Dataset excerpts:
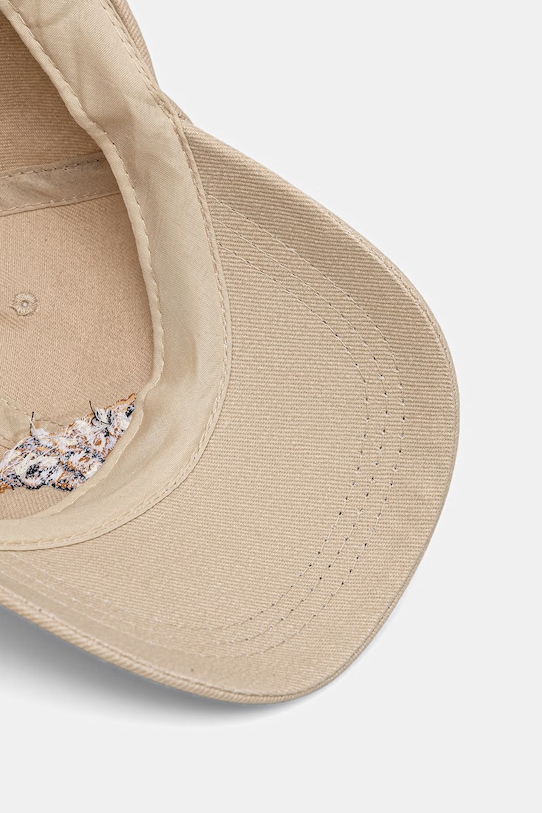 Kaotiko czapka z daszkiem bawełniana beżowy AS009.01.1528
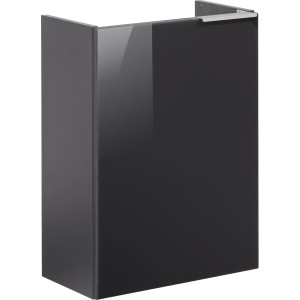 Fackelmann Waschbeckenunterschrank SBC, anthrazit, 44 cm breit. Badmöbel für Waschbecken.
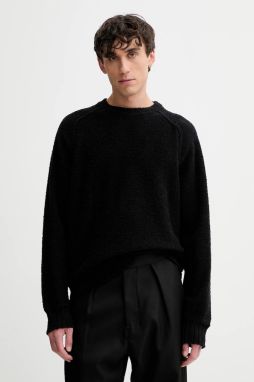 Sveter HUGO San Christopher čierna farba, 50547007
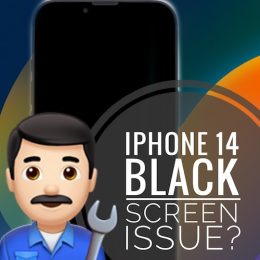 iPhone 14 black screen issue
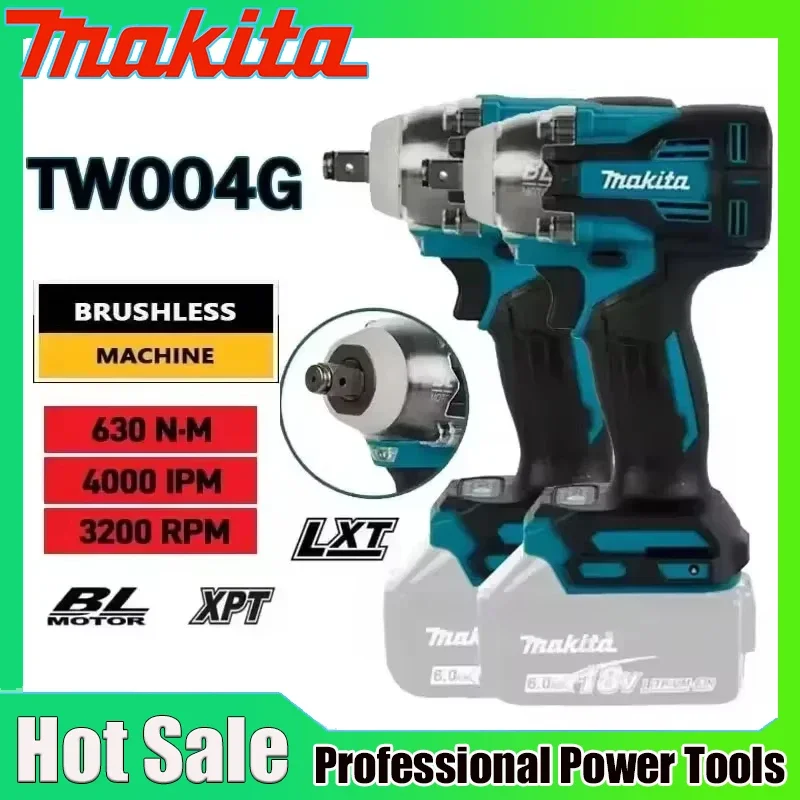 

Makita TW004G 630N.m Brushless Screwdriver Machine Cordless Electric Screwdriver Rechargable Drill Driver For Makita 18V Battery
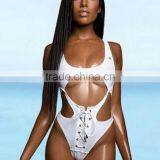 M893 Runwaylover 2016 Sexy Fashion Latest Design Bandage Chalaza One Piece Bikini thumbnail-2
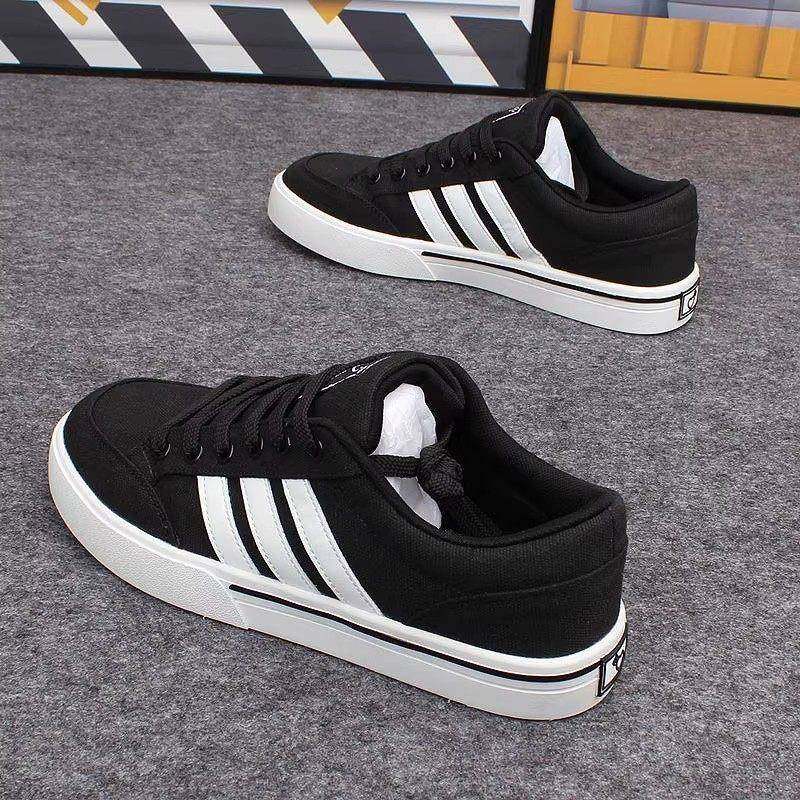 港风情侣帆布鞋男女2025新款覆古透气平底防滑休闲鞋学生百搭板鞋,流行男鞋,帆布鞋,淘宝优惠券,粉丝福利购,淘宝优惠卷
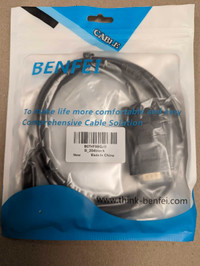 Brand New Sealed BNIB BENFEI USB C to VGA 6 Feet Cable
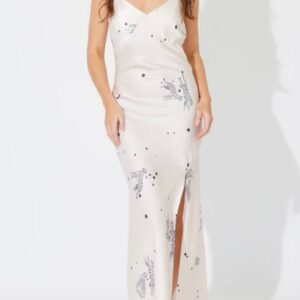 Astoria maxi satin dress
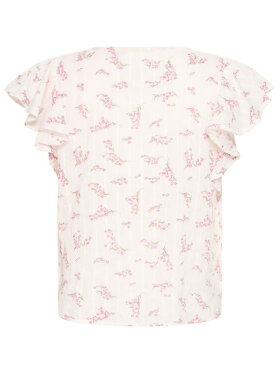 FREasa blomsterprint top fra Fransa med feminine flæser 
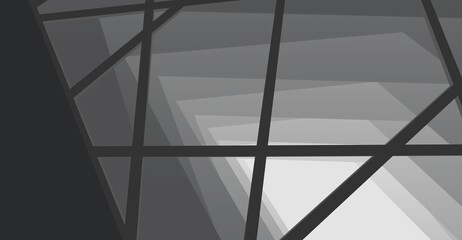 Futuristic Architectural Abstract &ndash; Geometric Structures and Modern Urban Design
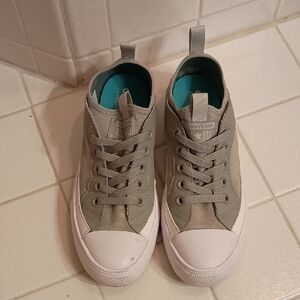 Converse Gray and White Women's Sneakers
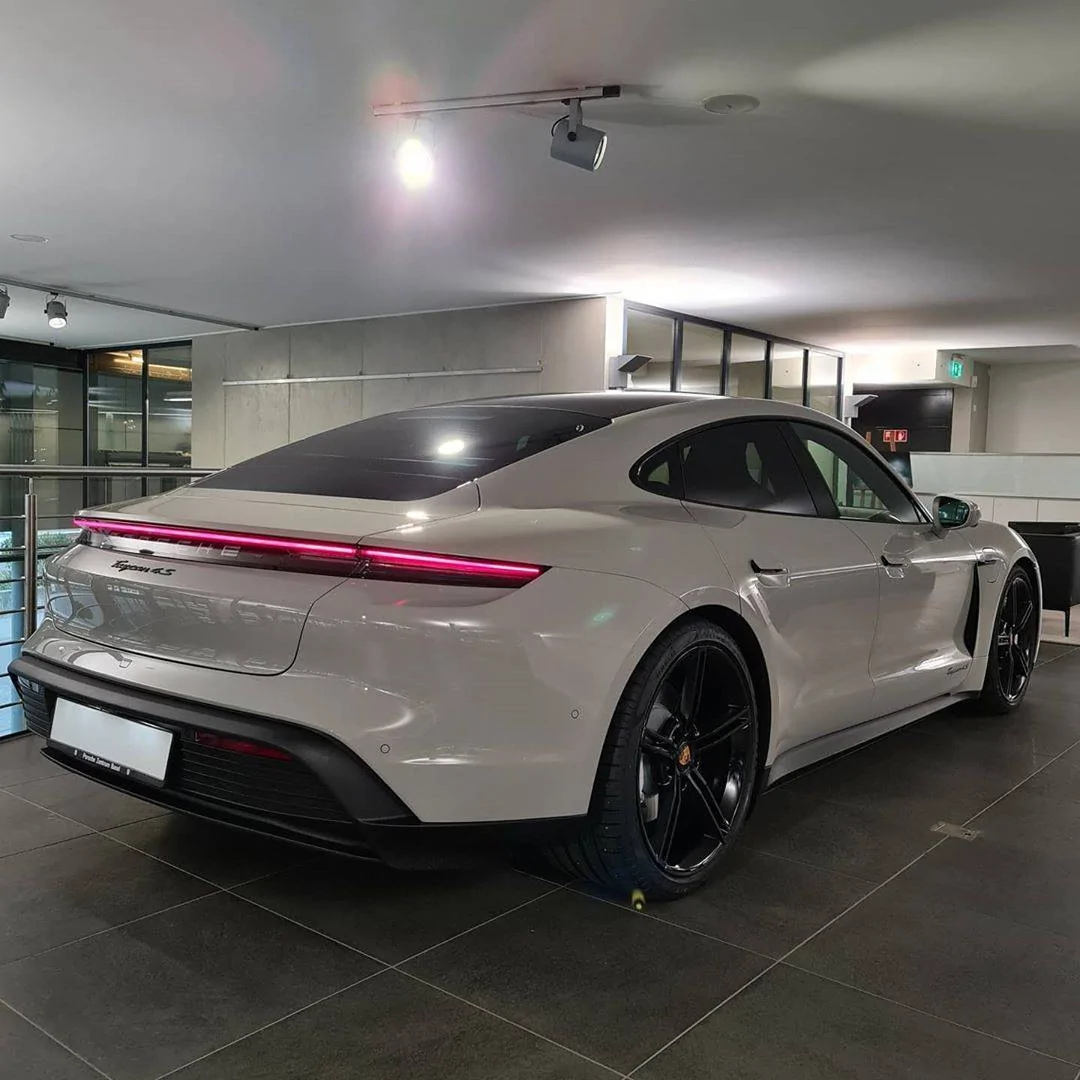 Porsche Taycan CHALK Taycan Club 2021 Taycan Chalk Paint Color 121185410_145460363955493_1105173773087566988_n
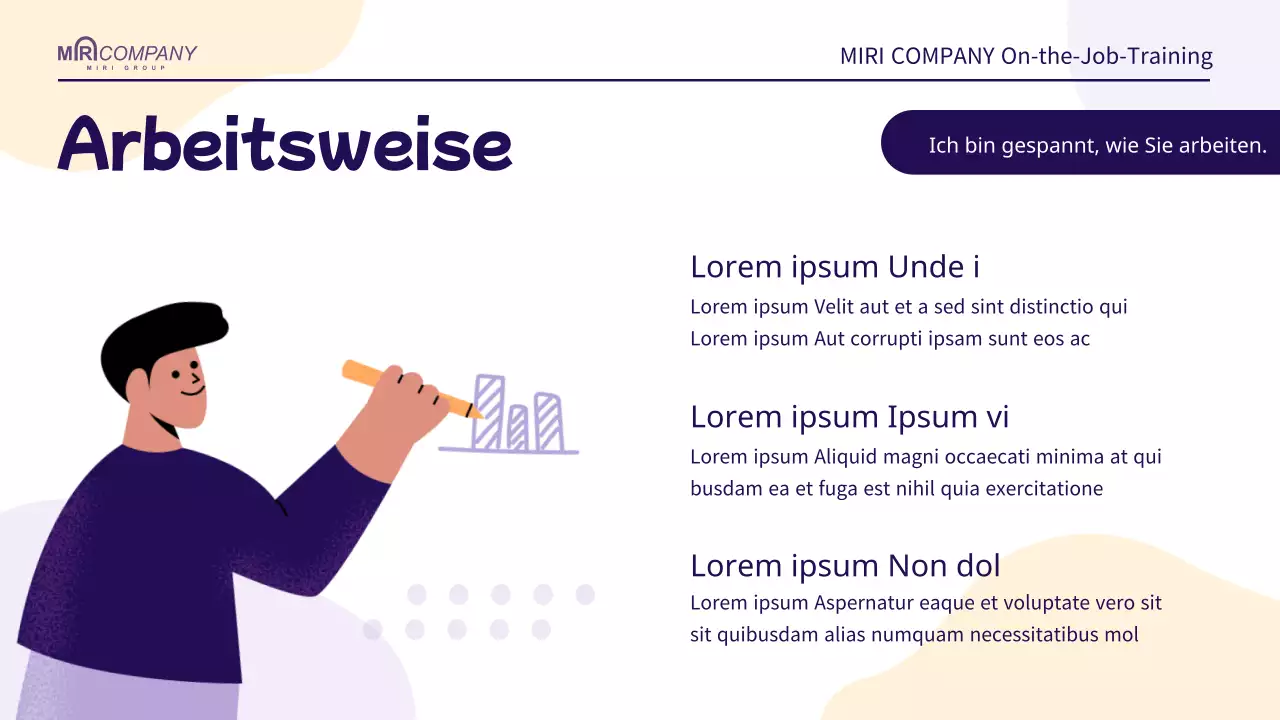 Ein einfacher HR-Schulungsleitfaden in Mauve und Orange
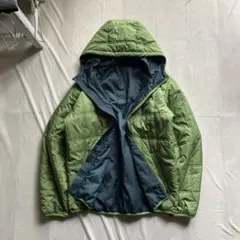 old uniqlo /reversible hoodie 月光グリーン 00s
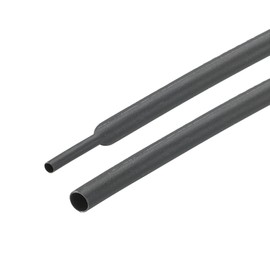 Rebower Heat Shrink Tubing 2:1 Cable Sleeving Tube Wrap, [for Electric Insulation Protection] - 1mm Dia/1m/Black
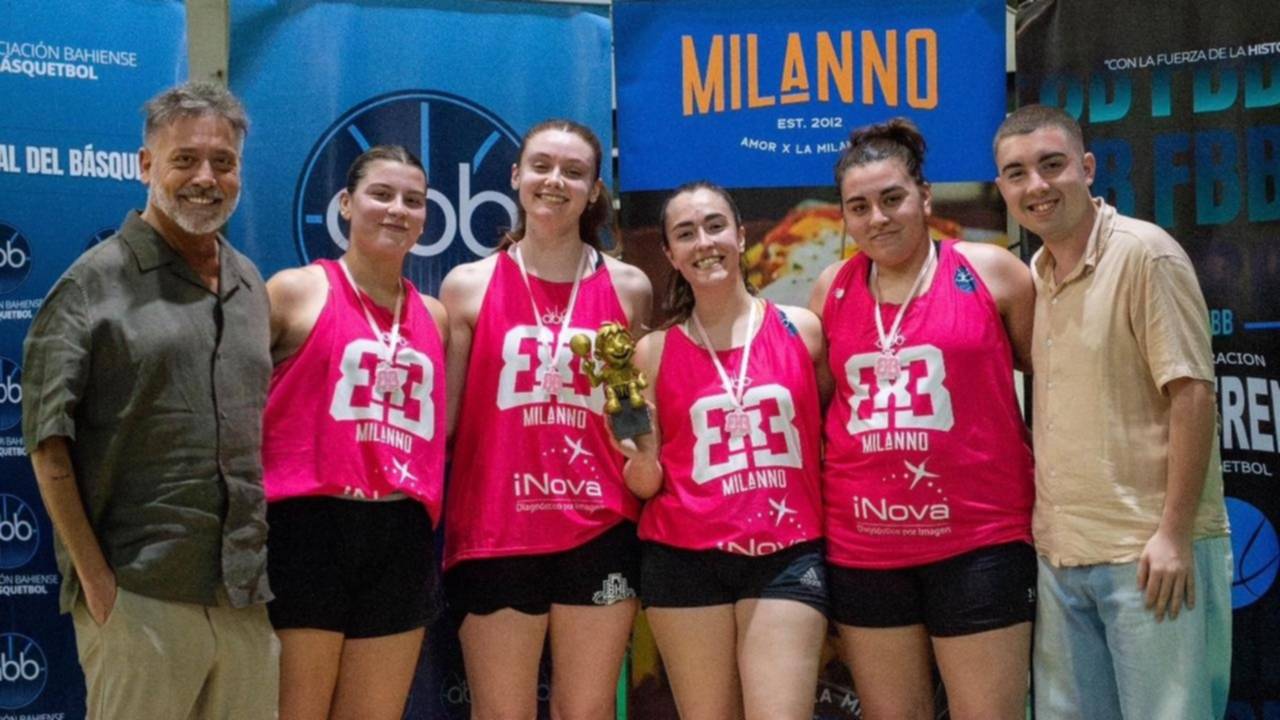 Sportivo campeón del 3x3 Milanno Femenino, en una jornada a pura energía y compromiso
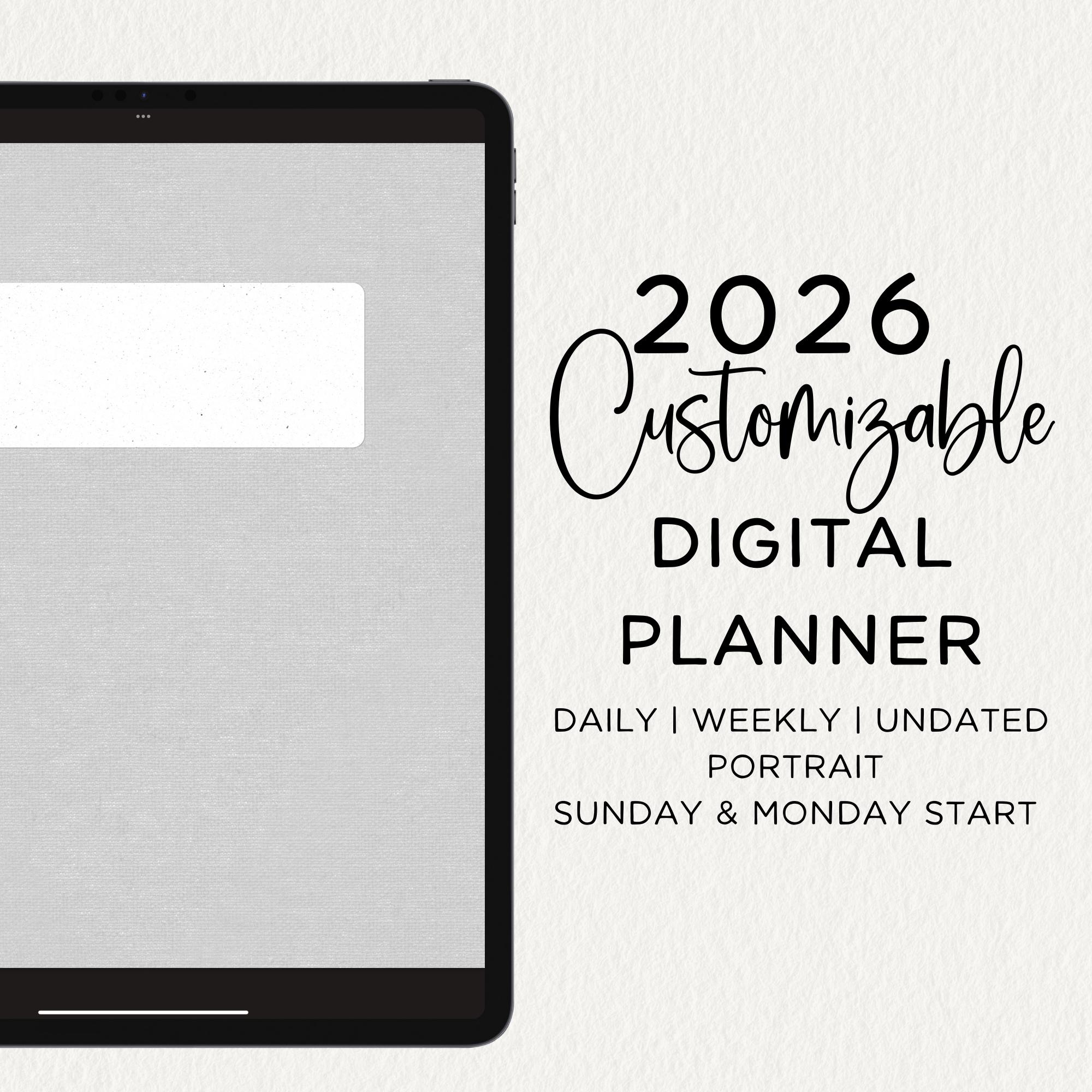 CUSTOMIZABLE DIGITAL PLANNER Noteful Portrait Undated Goodnotes ...
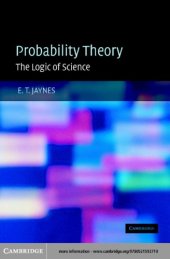 book Probability theory: the logic of science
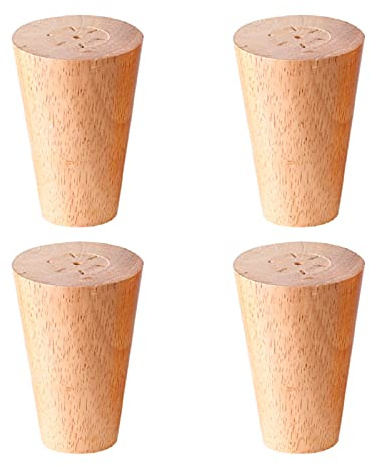 AITEKODVG Holztisch -Beine Set von 4 Möbeln unterstützen Beine für Sofasschränke Betten Schreibtische und Schminktische 60 cm/23,6 Zoll enthalten Montageplatten und Schrauben
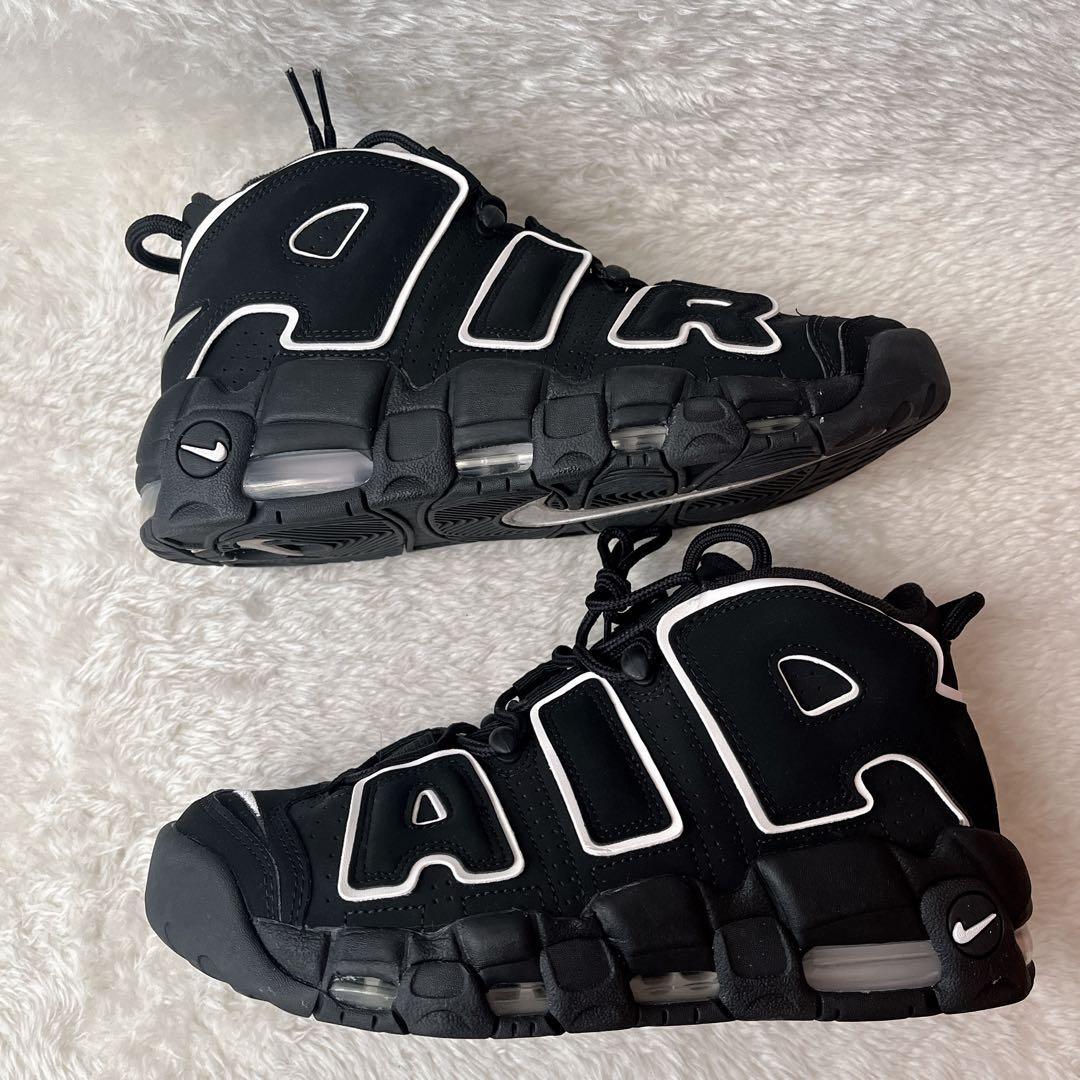 NIKE モアテン　AIR MORE UPTEMPO ブラック　黒　モノトーン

Task description: When you copy the entries above, keep every word exactly and omit the images.

Response for this exercise:
 Kaotiko czapka z daszkiem bawełniana beżowy AS009.01.1528
 Fackelmann Waschbeckenunterschrank SBC, anthrazit, 44 cm breit. Badmöbel für Waschbecken.
 Sveter HUGO San Christopher čierna farba, 50547007
 iPhone 14 black screen issue

Makita TW004G 630N.m Brushless Screwdriver Machine Cordless Electric Screwdriver Rechargable Drill Driver For Makita 18V Battery
 M893 Runwaylover 2016 Sexy Fashion Latest Design Bandage Chalaza One Piece Bikini thumbnail-2
 港风情侣帆布鞋男女2025新款覆古透气平底防滑休闲鞋学生百搭板鞋,流行男鞋,帆布鞋,淘宝优惠券,粉丝福利购,淘宝优惠卷
 Brand New Sealed BNIB BENFEI USB C to VGA 6 Feet Cable
 Astoria maxi satin dress
 FREasa blomsterprint top fra Fransa med feminine flæser 
 Futuristic Architectural Abstract &ndash; Geometric Structures and Modern Urban Design
 Converse Gray and White Women's Sneakers
 Porsche Taycan CHALK Taycan Club 2021 Taycan Chalk Paint Color 121185410_145460363955493_1105173773087566988_n
 Ein einfacher HR-Schulungsleitfaden in Mauve und Orange
 old uniqlo /reversible hoodie 月光グリーン 00s
 Rebower Heat Shrink Tubing 2:1 Cable Sleeving Tube Wrap, [for Electric Insulation Protection] - 1mm Dia/1m/Black
 Sportivo campeón del 3x3 Milanno Femenino, en una jornada a pura energía y compromiso
 CUSTOMIZABLE DIGITAL PLANNER Noteful Portrait Undated Goodnotes ...
 book Probability theory: the logic of science
 AITEKODVG Holztisch -Beine Set von 4 Möbeln unterstützen Beine für Sofasschränke Betten Schreibtische und Schminktische 60 cm/23,6 Zoll enthalten Montageplatten und Schrauben
 NIKE モアテン　AIR MORE UPTEMPO ブラック　黒　モノトーン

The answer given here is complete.